韓国企業が、合成石英ガラス素材の国産化・量産に成功したという。韓国電子新聞は、半導体とディスプレイの石英ガラス市場において輸入代替効果が大きいと評価した。
同国のSTI社は、韓国セラミック技術院(KIET)と共同で、産学研協力技術開発事業を通じて合成石英ガラス素材を開発し、大量生産に成功したと19日明らかにした。
合成石英ガラスは、ケイ素を含有した気体や液体の化合物を高温で溶解し作った素材だ。複数の成分が含まれている他のガラスとは異なり、二酸化ケイ素(SiO2)のみで構成。不純物が少なく、半導体とディスプレイ工程に主に使用される。
同紙によると、合成石英ガラスは、日本の半導体・ディスプレイ用材料の輸出管理強化品目には含まれなかったが、日本が96%以上の市場を占有しており、事実上の独占素材であり、韓国内で使用される合成石英ガラスはこれまで、信越石英、ニコン、東ソーなどから輸入していたとされる。
STI社は、韓国セラミック技術院と共同で、光ファイバの製造装置と技術、特殊な工法を応用して合成石英ガラス素材の製造技術と生産設備を開発したという。
開発した合成石英ガラス素材は、EUV半導体フォトマスクや工程の治具や基板などの工程の部品用素材だけでなく、国防や航空宇宙など、さまざまな産業に応用することができるとのこと。

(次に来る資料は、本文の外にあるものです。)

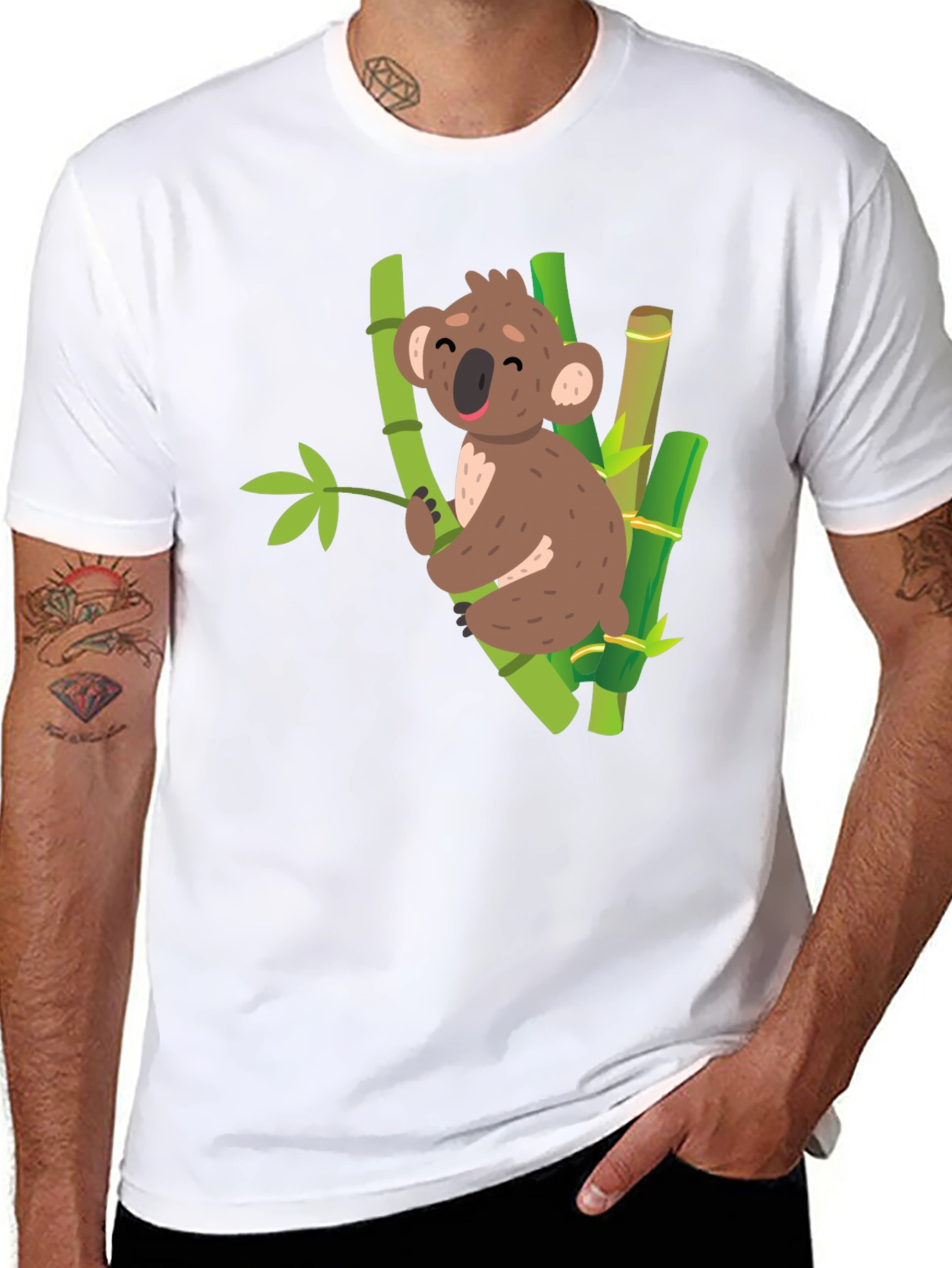 Black Koala Bamboo T-Shirt - Cute & Comfortable view 8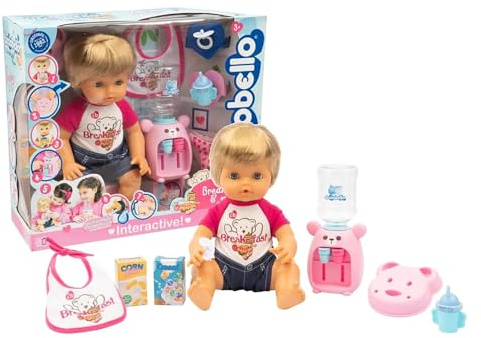 Cicciobello - Breakfast & Pee, Bambola Alta 30 Cm, Beve Dal Bicchiere e Fa Pipì, Include Tanti Accessori Per La Colazione, Gioco Per Bambini e Bambine dai 2 Anni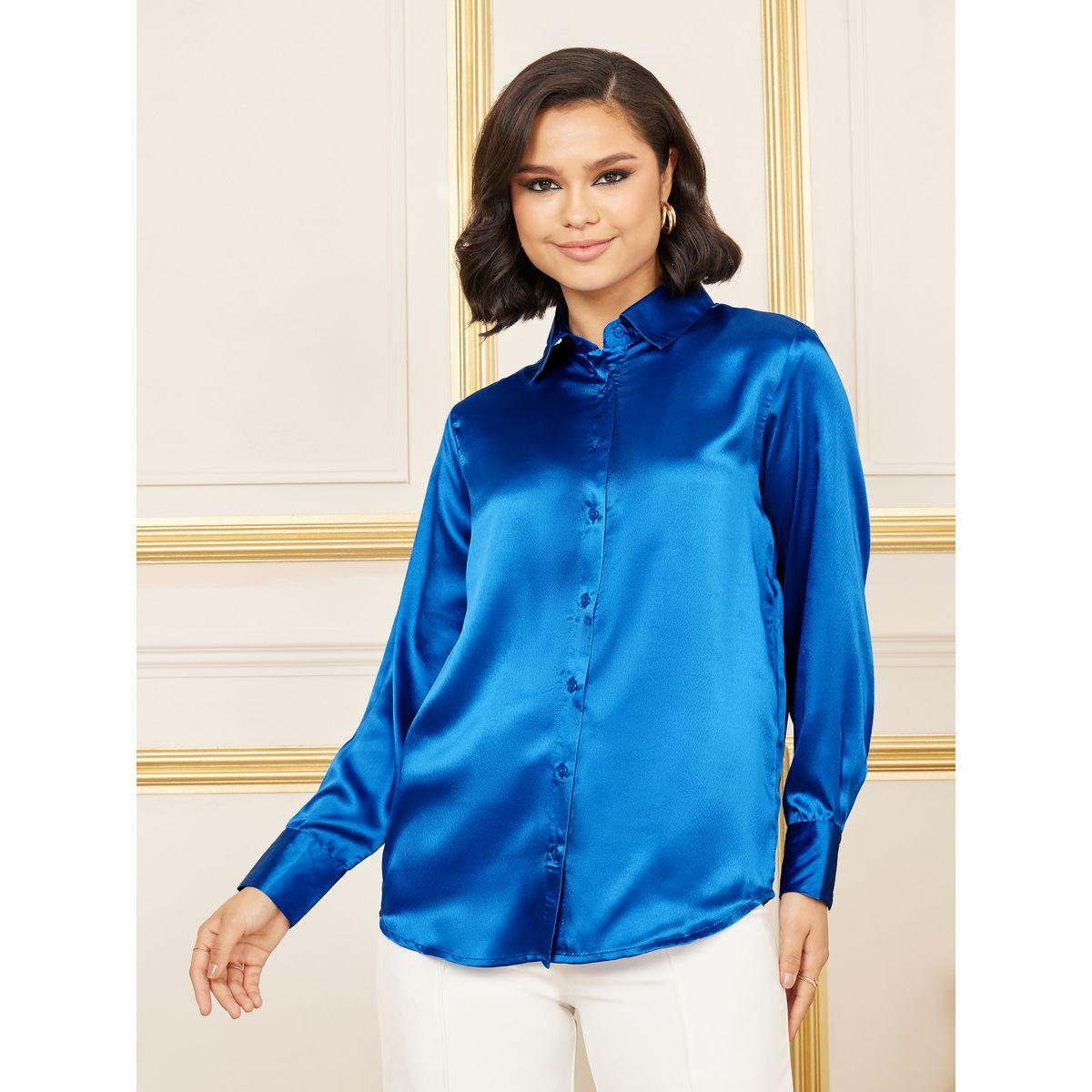 Styli Satin Relaxed Fit Longline Shirt-women-clothing-shirtsandblouses-shirts-image-2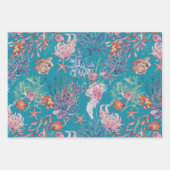 Onder de Zee Waterverf zeepaardstaarten Inpakpapier Vel (Voorkant 3)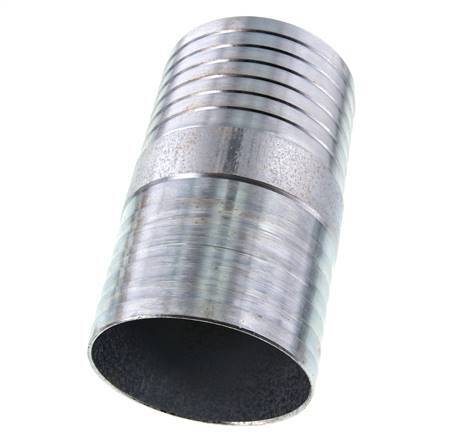 Conector de manguera de acero galvanizado de 100 mm (4'')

イ・ギヒョンSTI研究所長は「2018年基準で半導体・ディスプレイ用石英ガラスの国内市場規模は1兆1600億ウォン(約1072億円)に達し、今回の国産化は多大な輸入代替効果があるだろう」とし「今後、半導体・ディスプレイなど前方産業で必要とされる高純度石英ガラス供給に貢献する」と述べた。
STIは2018年に売上高689億ウォン(約64億円)を達成し、光ファイバ母材設備事業、半導体セラミック焼成用電気炉事業など熱処理の専門企業として知られている。